Hello traders! In part 1 of this two part series, I gave you the first half of a day trader’s daily routine. Depending on your own personal trading style, you may need to slightly customize it a bit. On with the list:
9. Look for another trade! Depending on your trading style, your first trade might not have “taken off” yet. In the meantime, why not see if there is some more action out there? Swing and position traders will definitely consider this. Very short term day traders, especially new traders, may be too fixated on one trade/position to manage a second. Another note about this is that I would prefer you not put all of your eggs in one basket, all of your trading account on one trade! This would be overly aggressive, bordering on stupidity.

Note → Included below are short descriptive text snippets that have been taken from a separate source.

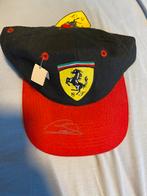 Gesigneerde Lewis Hamilton Ferrari pet., Verzamelen, Ophalen of Verzenden, Zo goed als nieuw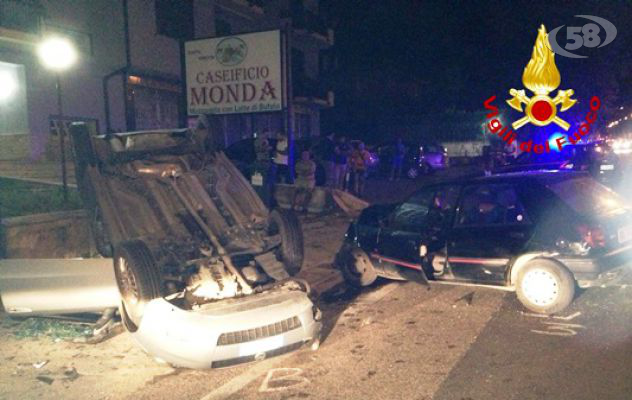 Monteforte, incidente in via Nazionale: auto si ribalta. In 4 ricoverati al Moscati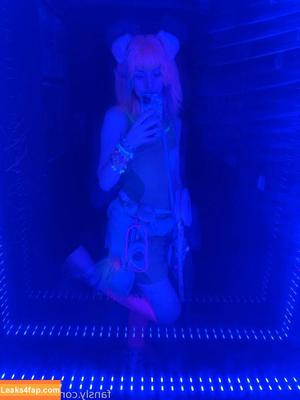 Tweetney photo #0242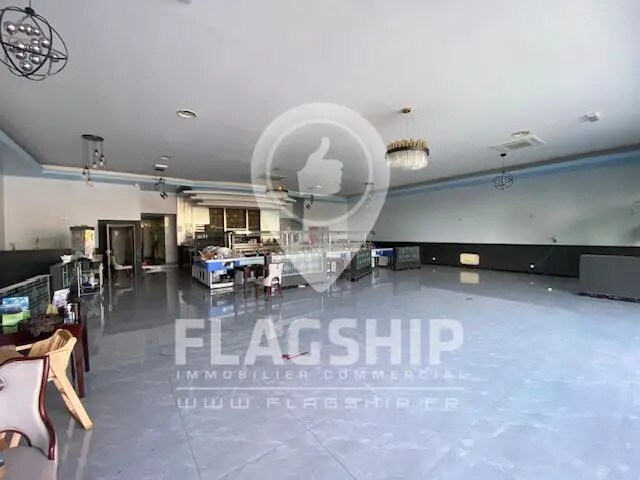 Retail in L'ISLE-ADAM for lease - Interior Photo - Image 2 of 9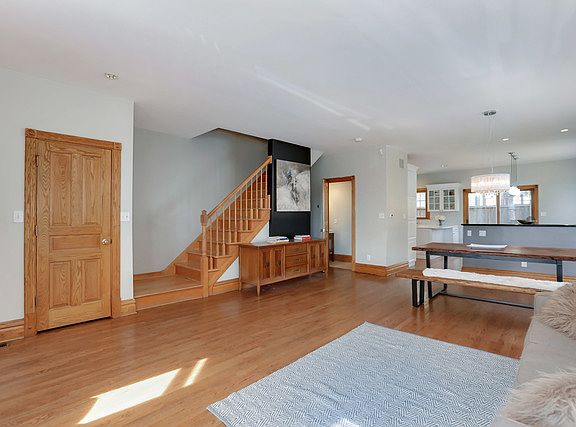 4th image of 907 South Blvd APT 1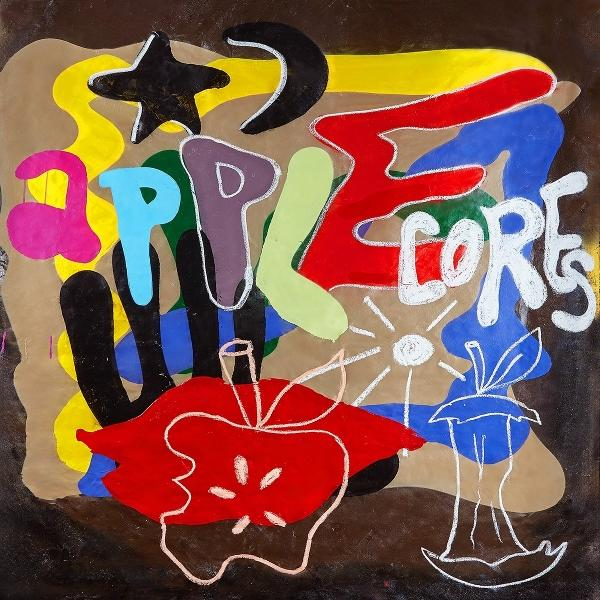Farbenfrohes abstraktes Kunstwerk mit den Worten 'APPLE CORES' und einem roten Apfel.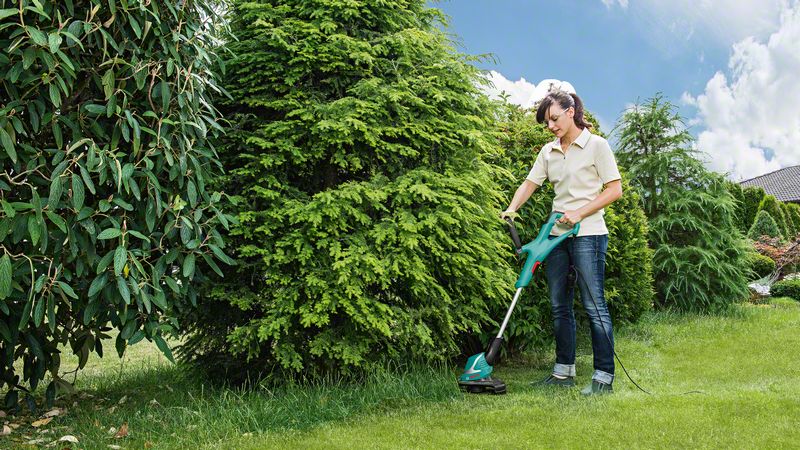 Bosch 06008A5200 Praktično šišanje oko biljaka i drveća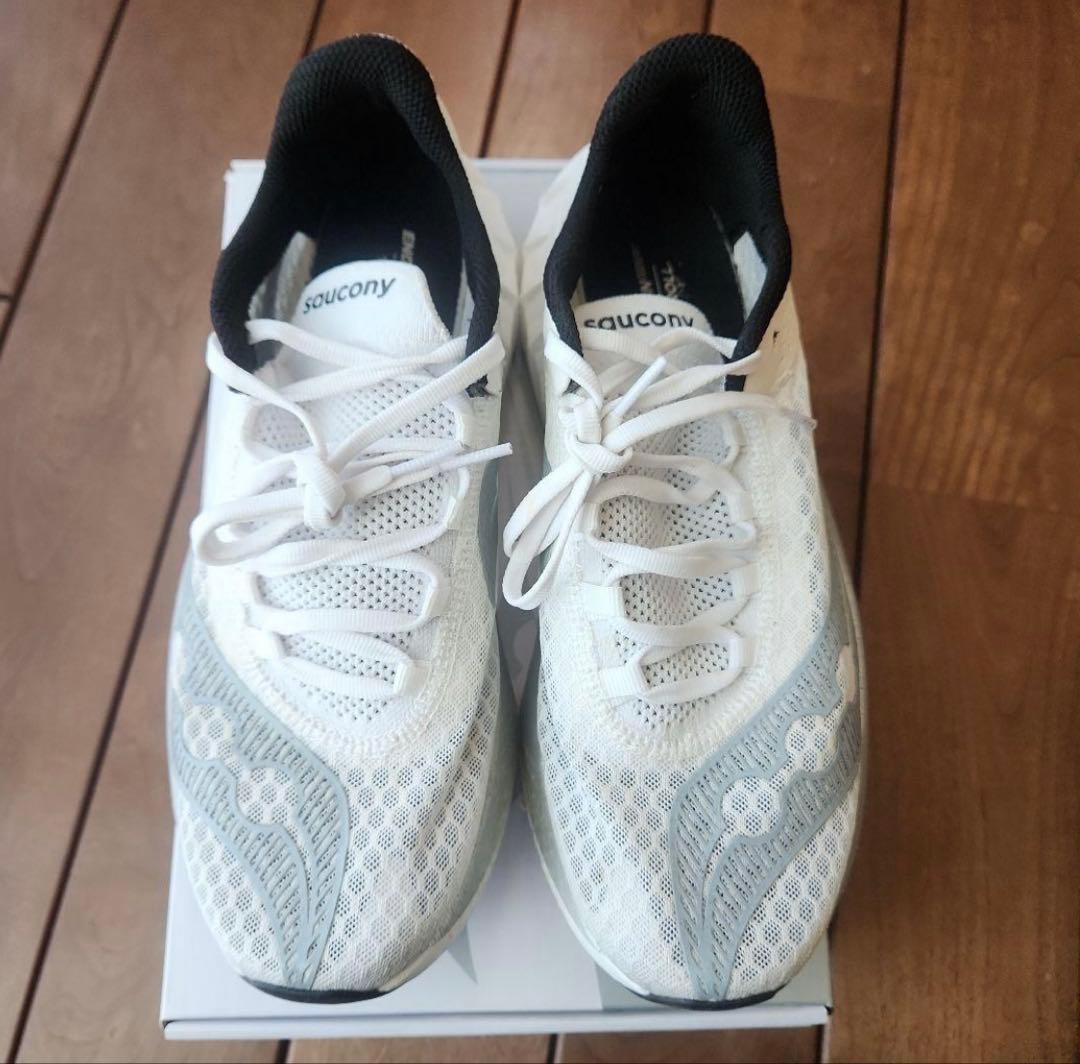 エンドルフィンプロ4 Saucony サッカニー 　26.5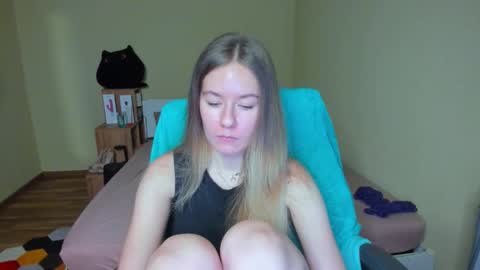 Emily online show from February 2025 08:28:02 AM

10. Manage any trades you are in. So, you’ve entered a position or two, looked for new trades, now what? Well, you must go back and check the trades you are in. Have they moved far enough to move your stop to break even? Far enough to start locking in profits? Perhaps you will consider moving your profit target further out. (I know some of you would never think of moving profit targets once they are set, but hear me out. When you find a currency pair (let’s call it pair A) that seems to lead another one (let’s call it pair B), what do you think when the leading pair breaks forcefully through a supply or demand zone yet the other hasn’t yet? Perhaps pair B hasn’t even reached the zone. If pair A rips through a level, you would expect pair B to go through as well. Why limit your profits on pair B when it is very likely going to move to the next level? Figuring out which two pairs are related enough, and then which leads another is mildly complicated and a bit too much for this newsletter. To see how I do it, hope to see you in one of our classes!)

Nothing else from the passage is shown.